**What you are asked to do**
Copy word for word the lines of the records below, beginning at the one with "L'Oréal Professionnel Serie" and finishing at the one with "TOM TAILOR HOME", ends included, but none of the pictures.

**Records**
»»

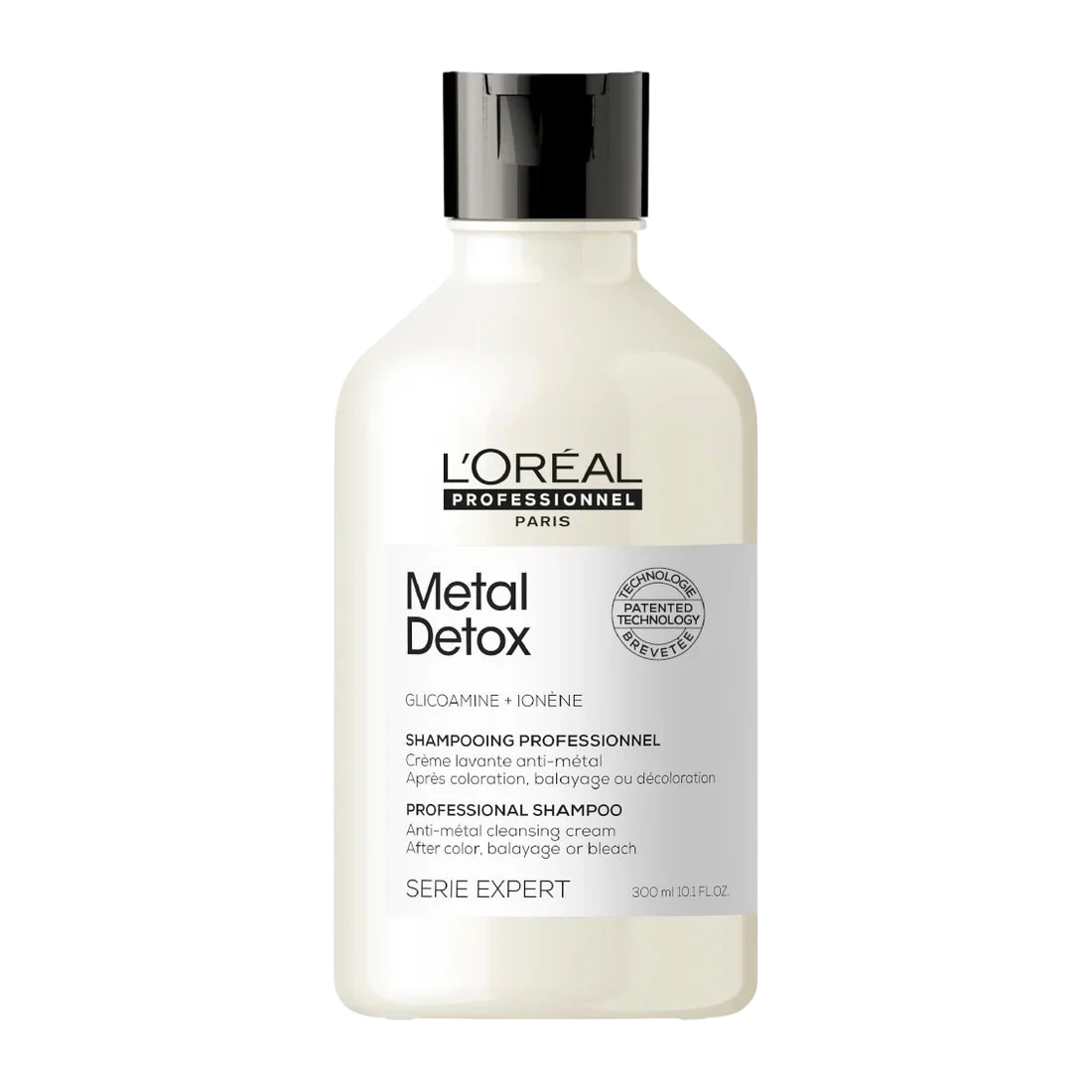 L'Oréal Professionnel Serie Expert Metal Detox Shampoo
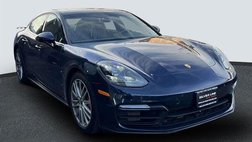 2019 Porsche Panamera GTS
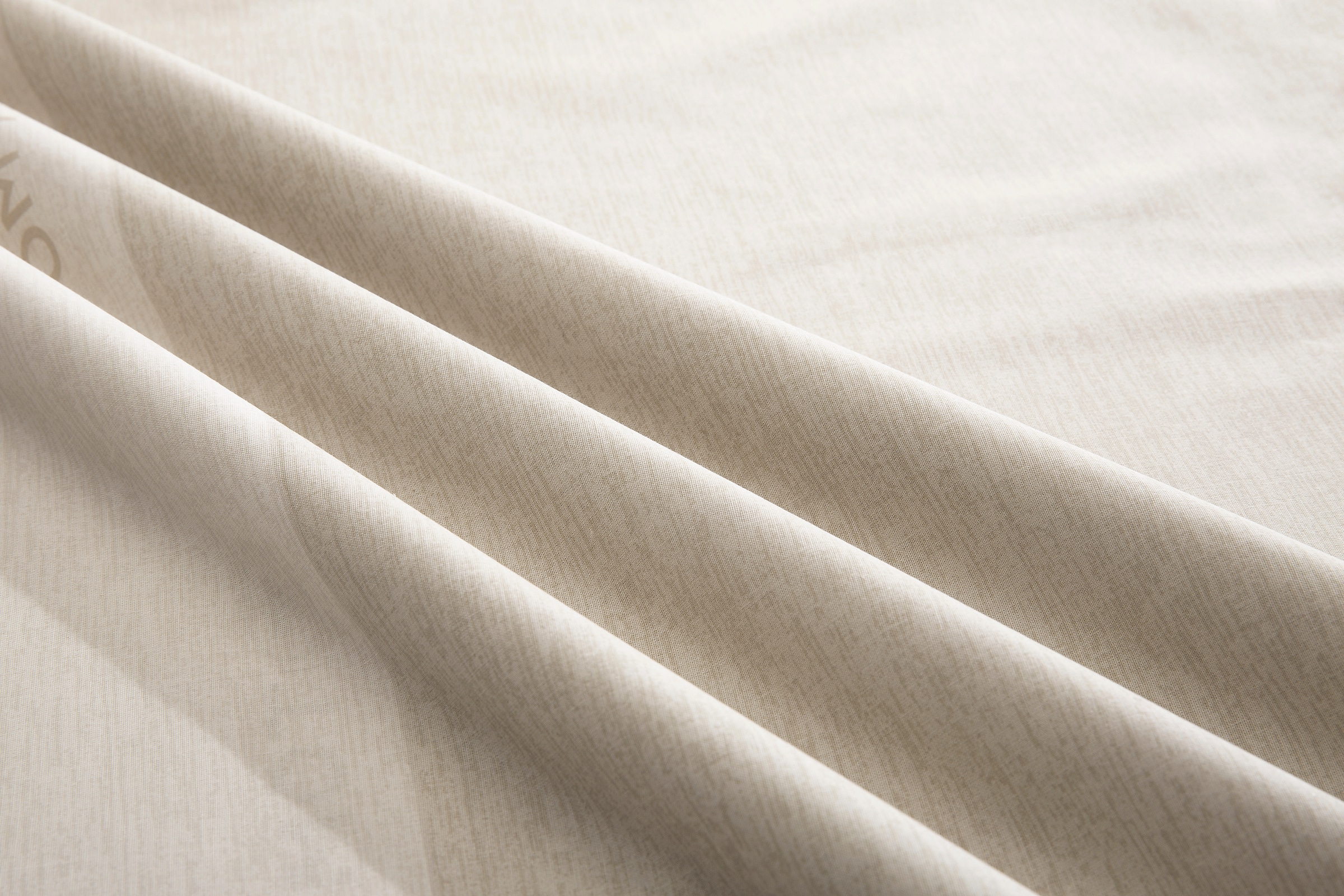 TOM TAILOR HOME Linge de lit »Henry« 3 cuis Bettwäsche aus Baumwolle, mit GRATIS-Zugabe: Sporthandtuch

««
»»

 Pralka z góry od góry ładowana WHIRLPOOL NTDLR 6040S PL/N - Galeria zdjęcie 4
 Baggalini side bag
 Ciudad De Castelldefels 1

««
»»

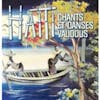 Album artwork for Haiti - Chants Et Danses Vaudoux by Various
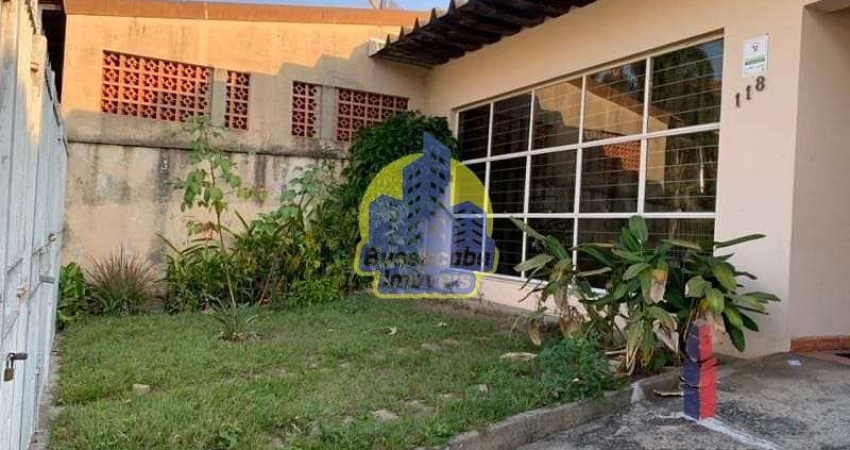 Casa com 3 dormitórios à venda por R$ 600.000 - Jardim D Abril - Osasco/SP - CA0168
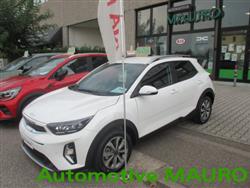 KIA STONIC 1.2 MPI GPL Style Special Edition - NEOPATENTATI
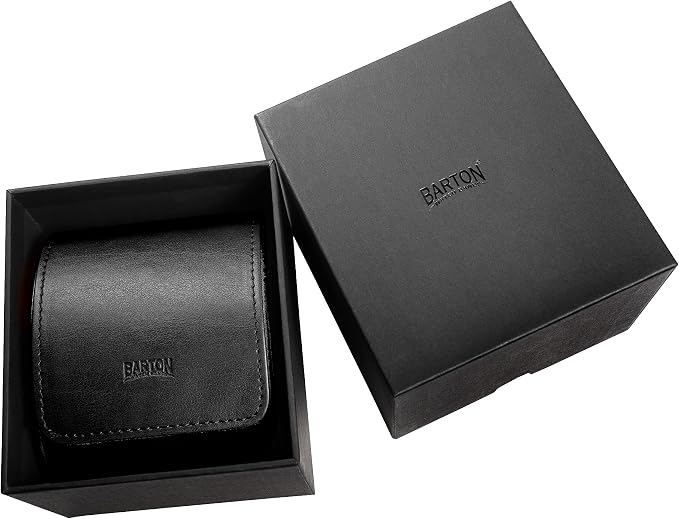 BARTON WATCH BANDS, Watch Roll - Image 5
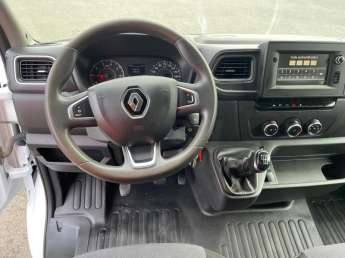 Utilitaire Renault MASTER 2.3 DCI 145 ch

««

**Your solution**
 L'Oréal Professionnel Serie Expert Metal Detox Shampoo
 2019 Porsche Panamera GTS
 TOM TAILOR HOME Linge de lit »Henry« 3 cuis Bettwäsche aus Baumwolle, mit GRATIS-Zugabe: Sporthandtuch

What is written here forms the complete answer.